Why can’t baseball players who win a big game or a best-of-something series devise some other celebration rather than dance in a circle with heads down and arms around each other’s shoulders? 

Why are we sending CF-18s to battle ISIS when the humanitarian aid we promised in August has yet to arrive and the last I heard we’ve welcomed less than 100 of the 1,000 refugees we promised to take from Syria. Why are we not accepting thousands of refugees as we have done ever since the Hungarian Revolution in 1956 through Uganda and Vietnam to Somali and Sri Lanka. What has happened to our generous civility?

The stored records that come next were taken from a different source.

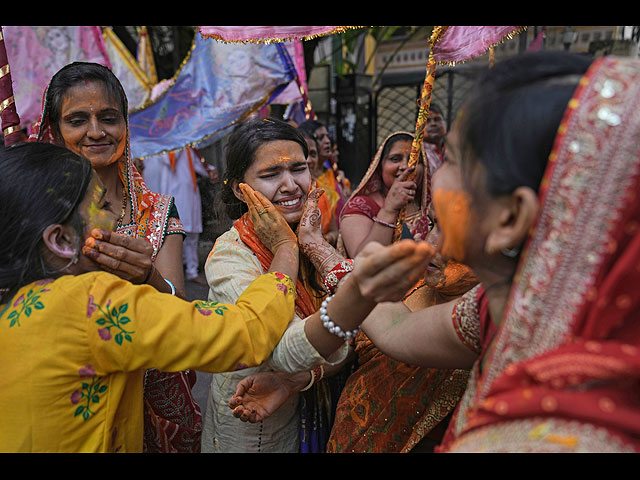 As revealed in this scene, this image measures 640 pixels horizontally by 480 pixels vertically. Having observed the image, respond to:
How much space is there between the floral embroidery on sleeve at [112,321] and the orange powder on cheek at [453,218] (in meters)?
0.83

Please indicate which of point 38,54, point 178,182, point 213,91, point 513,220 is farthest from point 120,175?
point 178,182

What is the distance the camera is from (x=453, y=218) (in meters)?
1.12

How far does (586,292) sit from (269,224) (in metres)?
1.27

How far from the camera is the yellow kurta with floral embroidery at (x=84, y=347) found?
1.30 metres

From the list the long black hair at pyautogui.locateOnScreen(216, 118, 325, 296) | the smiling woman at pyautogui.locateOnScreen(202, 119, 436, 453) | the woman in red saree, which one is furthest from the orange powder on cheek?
the long black hair at pyautogui.locateOnScreen(216, 118, 325, 296)

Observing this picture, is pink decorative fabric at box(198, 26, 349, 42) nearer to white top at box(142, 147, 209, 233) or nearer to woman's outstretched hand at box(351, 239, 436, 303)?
woman's outstretched hand at box(351, 239, 436, 303)

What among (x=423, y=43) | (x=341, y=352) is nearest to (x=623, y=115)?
(x=341, y=352)

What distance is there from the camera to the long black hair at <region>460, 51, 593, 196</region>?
38.0 inches

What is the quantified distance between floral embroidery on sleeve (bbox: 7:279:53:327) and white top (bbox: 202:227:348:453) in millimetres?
680

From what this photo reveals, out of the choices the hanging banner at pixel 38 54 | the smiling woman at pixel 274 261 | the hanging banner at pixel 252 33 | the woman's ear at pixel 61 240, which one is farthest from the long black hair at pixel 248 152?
the hanging banner at pixel 38 54

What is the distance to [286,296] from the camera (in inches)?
62.1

Whatever became of novelty songs? You know, like Bryan Hyland’s “Itsy Bitsy Teenie Weenie Yellow Polka Dot Bikini” or  “The Little Nash Rambler” by The Playmates?

What is it with Dracula and the many and various Vampires? There seems to be an insatiable appetite (pun intended) for movies and books about the bloody minded monsters. Is it a sexual thing?

Mozart was touring Europe at the age of seven. Schubert composed his first symphony at sixteen. Their work is played and honoured today. What child prodigy of this era will be enjoyed two hundred years from now?

Just asking.

 

1 Response

  1. Dave says:

    Hi Rod,

    For a child prodigy to be enjoyed 200 years from today I would be tipping my hat to Louis Armstrong.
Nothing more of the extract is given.